- **Input data**:
• • • • • • •
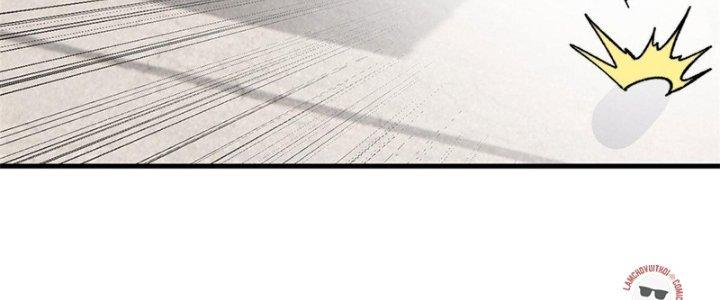 Người Chơi Hung Mãnh Chapter 5 - Trang 2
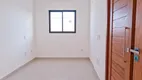 Foto 28 de Casa de Condomínio com 3 Quartos à venda, 120m² em Santa Terezinha , Campina Grande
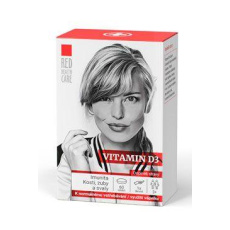 Vitamin D 1000 IU 60 tb Vitamin D 1000 IU 60 tb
• • • • • • •
- **Work required**: Without the pictures, transcribe the listing exactly as it stands.

- **Your solution**:
 Người Chơi Hung Mãnh Chapter 5 - Trang 2
 Foto 28 de Casa de Condomínio com 3 Quartos à venda, 120m² em Santa Terezinha , Campina Grande
 Vitamin D 1000 IU 60 tb Vitamin D 1000 IU 60 tb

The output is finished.